Exercise objective | As you print the data below, keep every line exactly as it is and leave the images behind.

Entries shown |
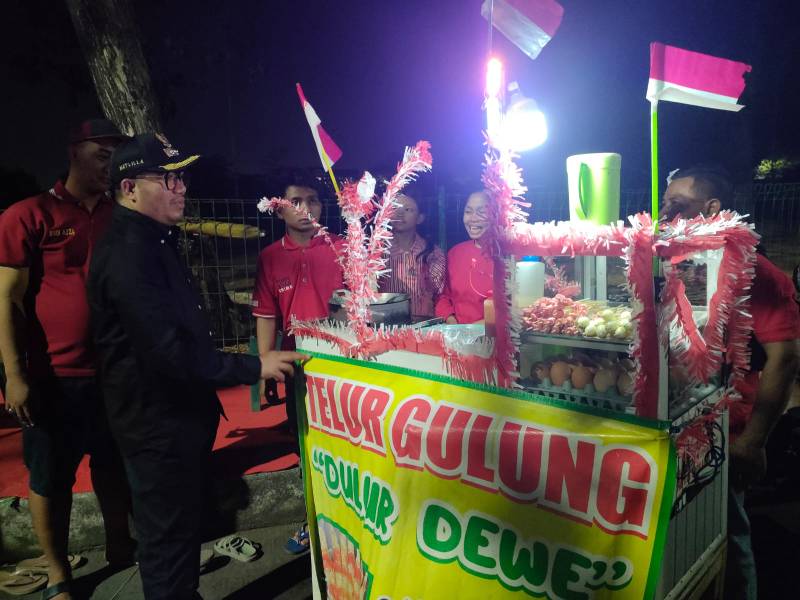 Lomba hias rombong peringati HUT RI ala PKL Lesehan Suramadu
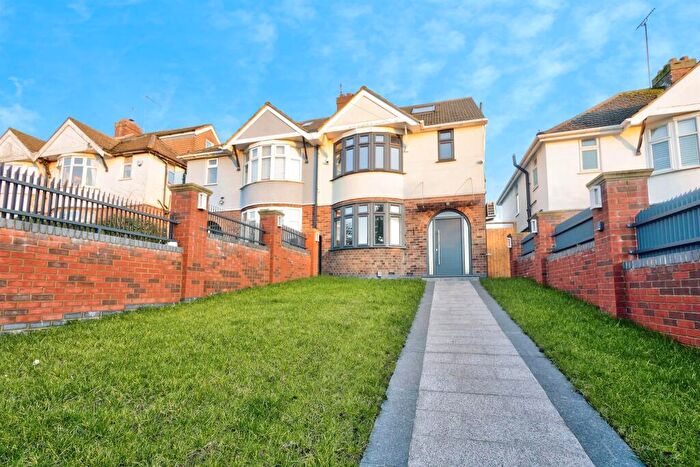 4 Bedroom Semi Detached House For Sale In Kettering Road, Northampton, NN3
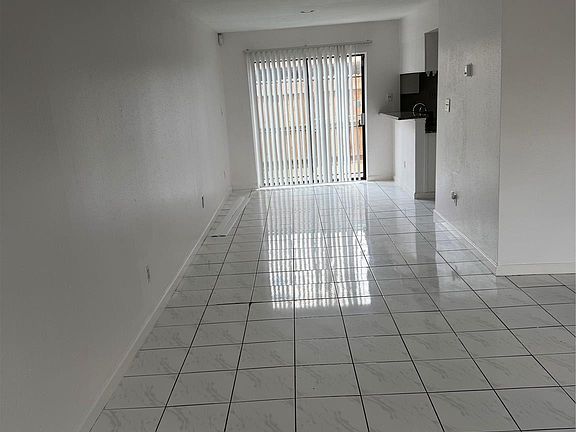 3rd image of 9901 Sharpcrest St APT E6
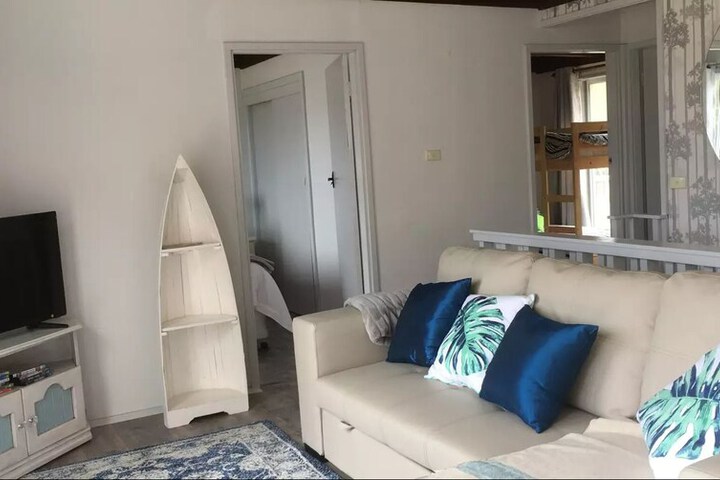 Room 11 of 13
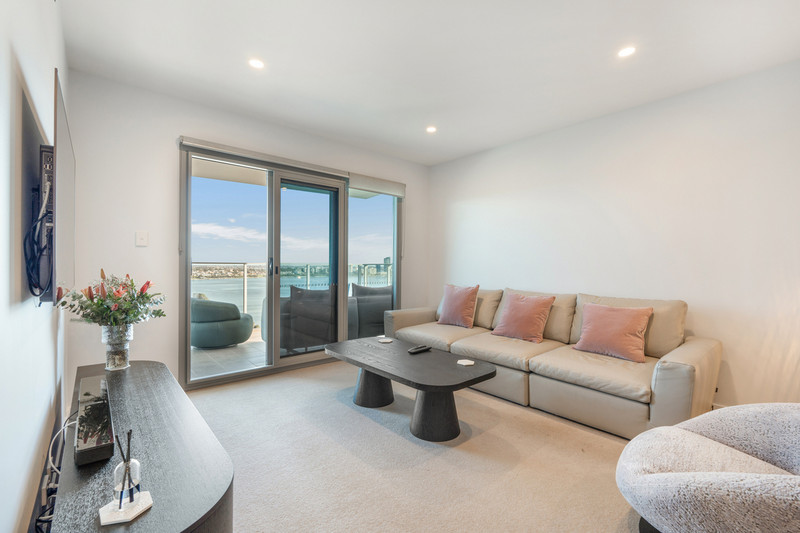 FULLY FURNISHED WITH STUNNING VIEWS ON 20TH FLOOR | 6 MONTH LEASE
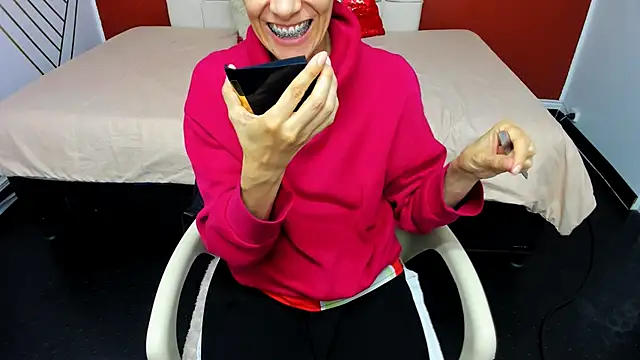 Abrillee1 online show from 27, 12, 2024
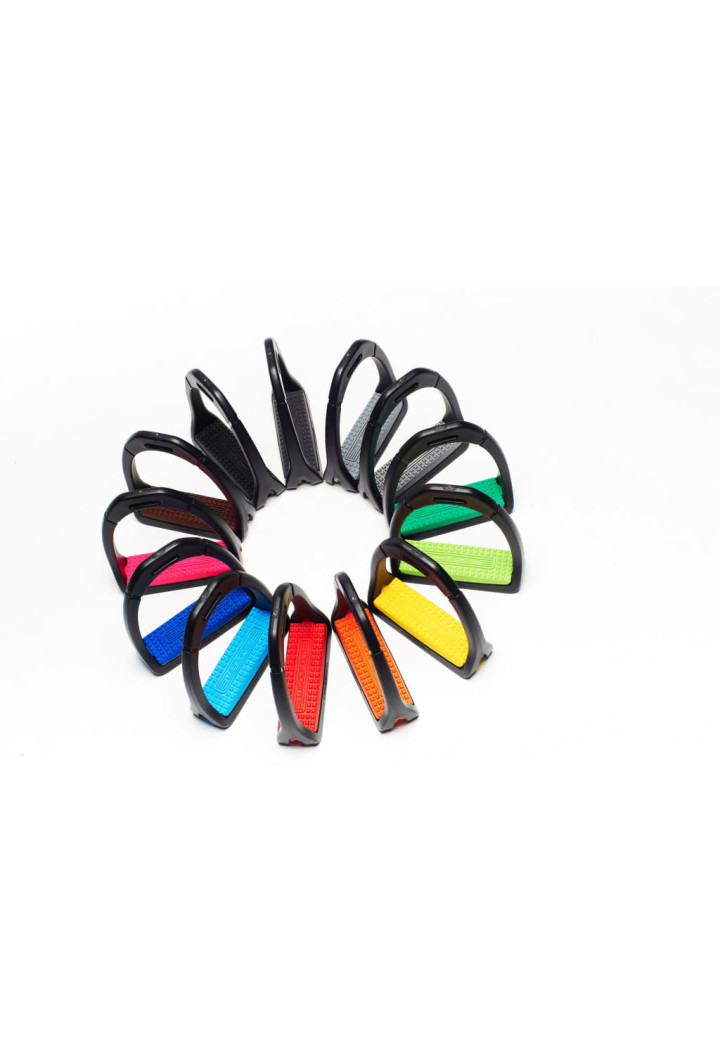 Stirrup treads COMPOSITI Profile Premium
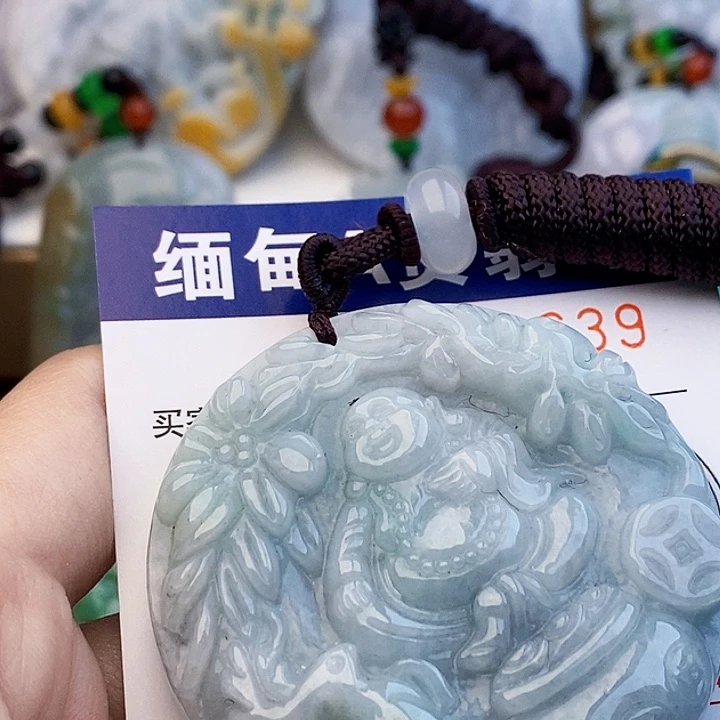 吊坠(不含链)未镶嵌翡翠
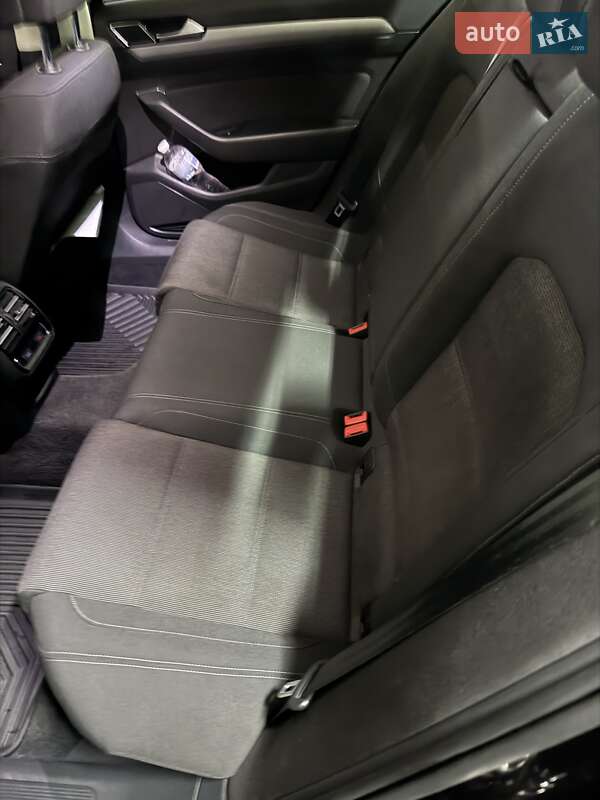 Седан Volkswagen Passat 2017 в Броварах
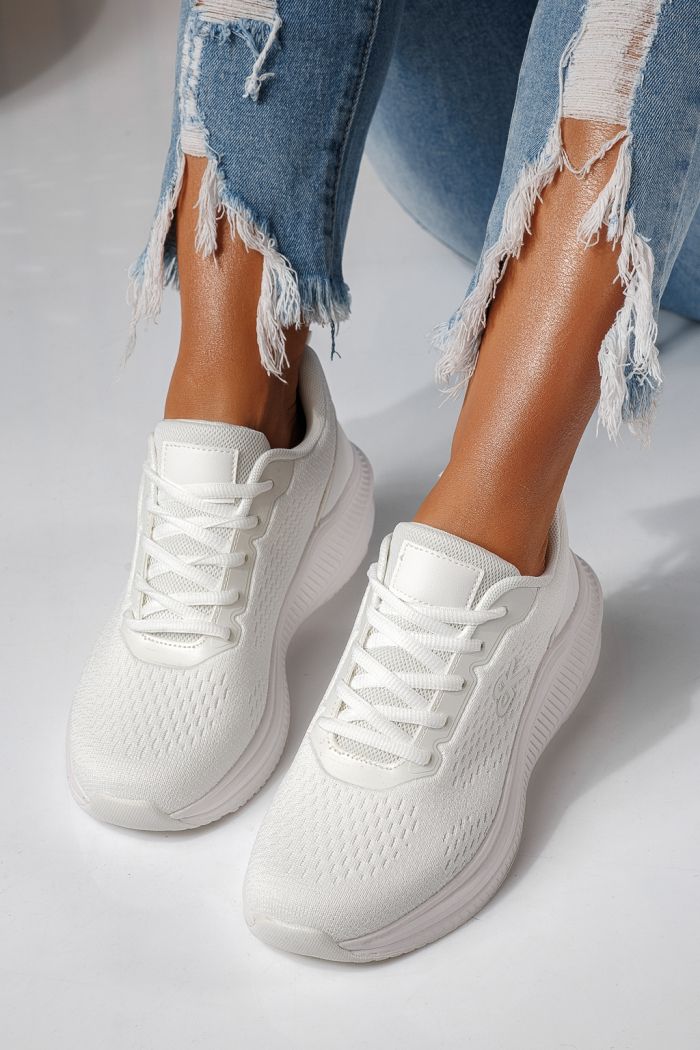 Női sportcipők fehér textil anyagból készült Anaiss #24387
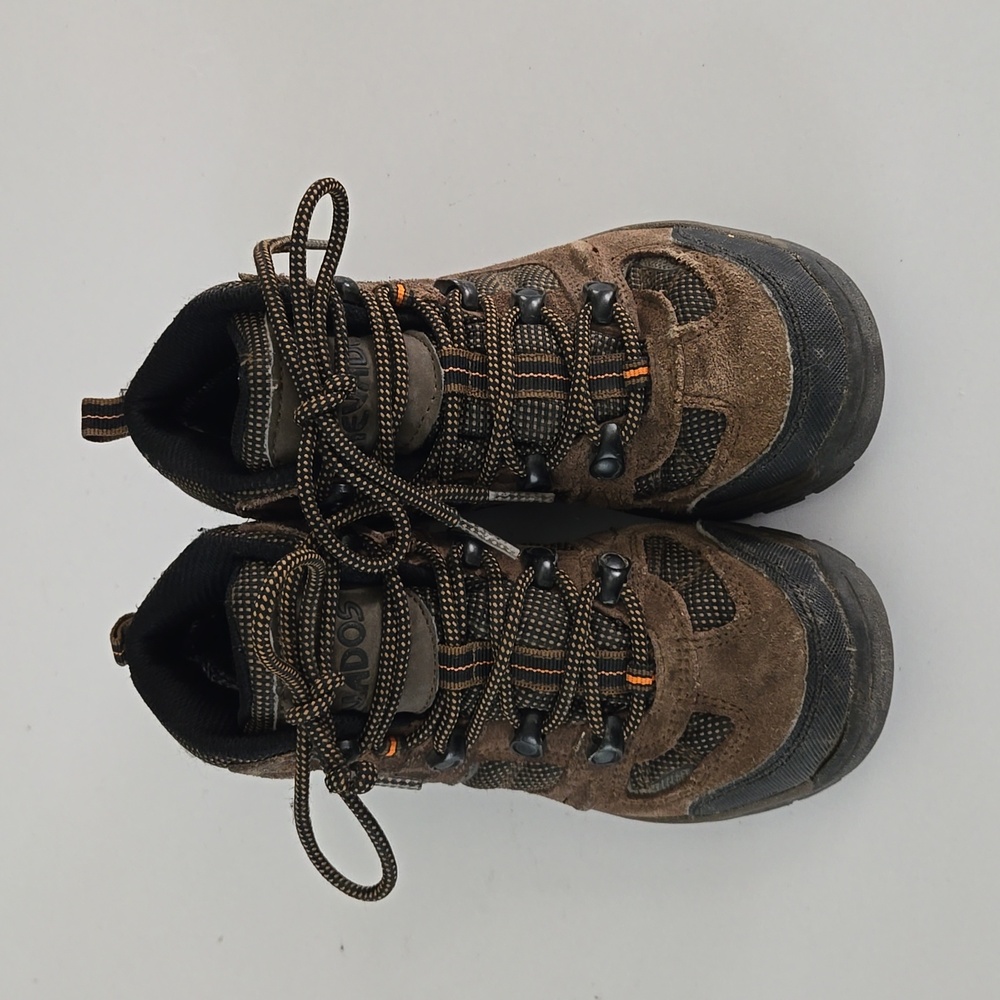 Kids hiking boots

Task response |
 Lomba hias rombong peringati HUT RI ala PKL Lesehan Suramadu
 4 Bedroom Semi Detached House For Sale In Kettering Road, Northampton, NN3
 3rd image of 9901 Sharpcrest St APT E6
 Room 11 of 13
 FULLY FURNISHED WITH STUNNING VIEWS ON 20TH FLOOR | 6 MONTH LEASE
 Abrillee1 online show from 27, 12, 2024
 Stirrup treads COMPOSITI Profile Premium
 吊坠(不含链)未镶嵌翡翠
 Седан Volkswagen Passat 2017 в Броварах
 Női sportcipők fehér textil anyagból készült Anaiss #24387
 Kids hiking boots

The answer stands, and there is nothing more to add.